Mark S. Pearce, Department of Child Health, University of Newcastle
upon Tyne, UK.

Fax (00)-44-191-2023060

EMAIL m.s.pearce@ncl.ac.uk

The syntax for the **gwr** commands is

**gwr **[varlist] [if exp] [in range], **east**(varname)
**north**(varname) options

**gwrgrid** [varlist] [if exp] [in range], **east**(varname)
**north**(varname) options

where the allowed options are

** saving(**filename**) dots reps(**#**) double eform family(**familyname**)
link(**linkname**) [ln]offset(**varname**) test bandwidth(**#**)
replace noconstant nolog scale(**x2|dev|#**) disp(**#**)
iterate(**#**) init(**varname**) outfile(**filename**) comma wide
mcsave(**filename**) sample(**#**)**

with an additional option for **gwrgrid**

** square(**#**)**

Description

The** gwr ** command applies geographically weighted regression
to a dataset containing geographical reference points.

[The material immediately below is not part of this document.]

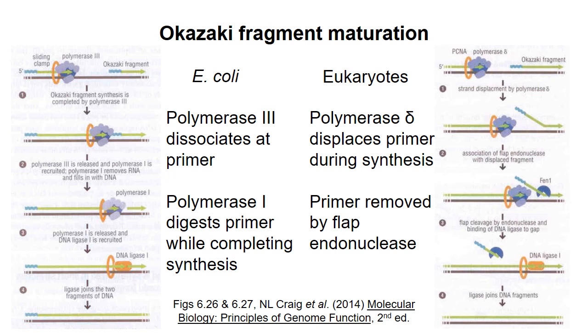For this course, I won't expect you to know details of DNA replication beyond what I covered in this video, except of course for topics I cover in more depth in the remaining videos. In the next video, I'll talk about the supercoiling that is generated as helicase unwinds double-stranded DNA.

These points must
be defined in the gwr command using the **east**() and **north**()
‘options’.

The **gwrgrid** command is a slight variation which fits a grid
across the area defined by **east**() and **north**(). This method
is especially useful for large datasets where the gwr command can become
quite time consuming.

The essence of geographically weighted regression is that it allows different relationships between the dependent and independent variables to exist at different points, (x,y), in space. For a full discussion of this method see Brunsdon et al. (1996).

The **gwr** command produces a set of parameter estimates for a regression
at each point, i, at which there is an observation. The **gwrgrid**
command produces a set of parameter estimates at each grid square centroid.
Any grid square in which there are no observations is ignored. Using the
outfile() and saving() options these estimates can be explored in more
detail, for example using a geographical information system to map risk
estimates across space. In each regression the observations are weighted
by a function related to their distance from the point at which the regression
is being carried out. The actual function used depends upon a bandwidth
estimation which is carried out using a cross-validation approach. See,
for example Cleveland (1979) and Bowman (1984).

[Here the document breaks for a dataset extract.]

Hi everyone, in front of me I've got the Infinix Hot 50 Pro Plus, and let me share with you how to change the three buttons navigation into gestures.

The command is designed to test 2 hypotheses, both using a Monte Carlo simulation where the spatial points are randomly distributed amongst the data.

1. Does the geographically weighted regression model describe the data significantly better than a global regression model, the results of which are also shown in the output ?

2. Does the set of parameter estimates exhibit significant spatial variation
? This compares the standard deviations of the observed parameter estimates
(Si) with those from the Monte Carlo simulation.

__Options__

**test** requests that the first hypothesis be tested, i.e. that
the model produced by gwr describes the data significantly better than
a global model.

Not testing this hypothesis reduces the need to calibrate the bandwidth
for each run of the Monte Carlo simulation and so reduces the time the
command will take to run. The second hypothesis, concerning spatial variation
of the parameter estimates, is always carried out, using either the user-defined
bandwidth or the bandwidth estimated from the observed data.

If test is specified and convergence of the bandwidth not achieved
during the Monte Carlo simulation, a note is made in the results of how
many times convergence was not achieved. The significance level is adjusted
to ignore those runs where convergence was not achieved.

**bandwidth**(#) allows the bandwidth to be declared, eliminating
the need to calibrate the bandwidth and so saving time.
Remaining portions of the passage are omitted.